A l’occasion des Assises de la Sécurité, Patrick Langrand, RSSI groupe de La Poste, est revenu sur les importants efforts récemment consentis par l’entreprise pour effectuer sa mue numérique.

Le contexte ne surprendra plus personne : face à la démocratisation d’Internet, la Poste a dû évoluer. Elle a donc engagé, il y a quelques années, un vaste plan de transformation numérique. Intervenant lors d’un atelier organisé aux Assises de la Sécurité, début octobre dernier, Patrick Langrand, RSSI groupe de l’entreprise, appelle tout de suite à la prudence : « cela peut paraître très simple », exprimé ainsi, mais une telle transformation a d’importantes implications, tant organisationnelles que techniques.

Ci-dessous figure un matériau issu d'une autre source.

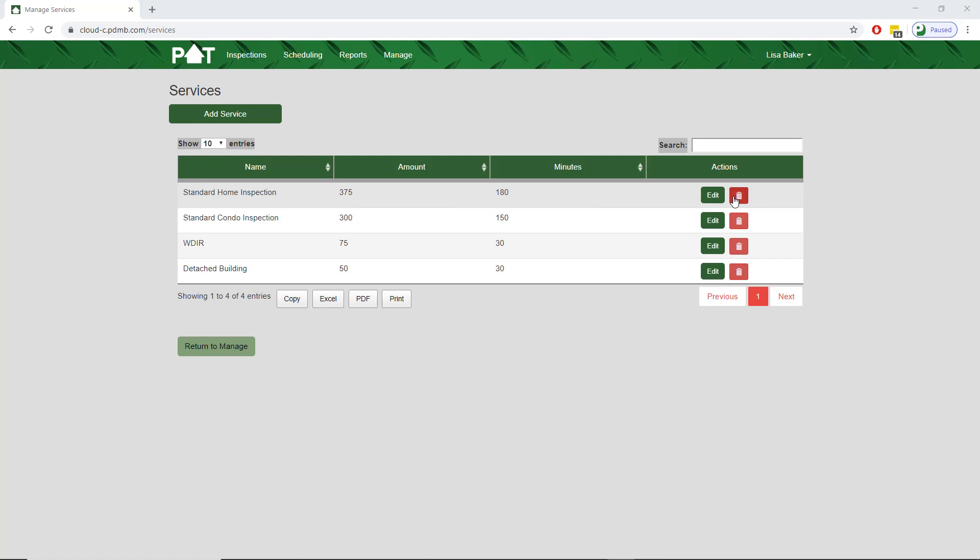That is a look at how to manage your inspection services. This concludes the managing your services video.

Début 2010, Patrick Langrand décrivait ainsi Internet : « la pire des choses qui nous soit arrivée depuis 10 ans ». Un boîte de Pandore, en somme : « en l'ouvrant, on s'est créé du business mais on s'est créé aussi beaucoup de soucis ». Fidèle à son ambition de « travailler dans l'anticipation », dans la mesure du possible, mais toutefois contraint par la réalité, il a donc posé la question, il y a deux ans, avec ses équipes, de l’évolution des infrastructures du groupe, pour arriver à un constat : l’impératif d’une rupture, du passage à un modèle qu’il définit comme celui d’un « opérateur ».

De fait, la Poste était confrontée à une croissance importante de ses flux réseaux, mais aussi des interactions avec ses partenaires ou encore ses clients pour finalement se retrouver avec ce dont de plus en plus d’entreprises font régulièrement l’expérience : la connexion avec beaucoup de choses « en dehors de l’entreprise ». De quoi faire émerger le « besoin de repenser l’accès et la circulation des flux », explique Patrick Langrand.

La recherche de partenaires, fiables

Pour concevoir et déployer sa nouvelle architecture, le RSSI groupe de la Poste a voulu trouver des partenaires fournisseurs fiables et aux offres solides. C’est Fortinet qu’il a retenu pour adresser « la couche frontale », seul selon lui répondant à ses besoins – et qui a su faire la démonstration d’une forte réactivité lors des démonstrateurs, notamment pour les développements additionnels requis.

« Nous devions adresser le monde de l’entreprise étendue », comprendre : « pouvoir gérer une multitude d’accès différenciés », qu’il s’agisse de mobilité, de partenaires de confiances connectés en point à point, ou encore d’Internet en entrée, mais aussi de publication de services Web accessibles de l’extérieur.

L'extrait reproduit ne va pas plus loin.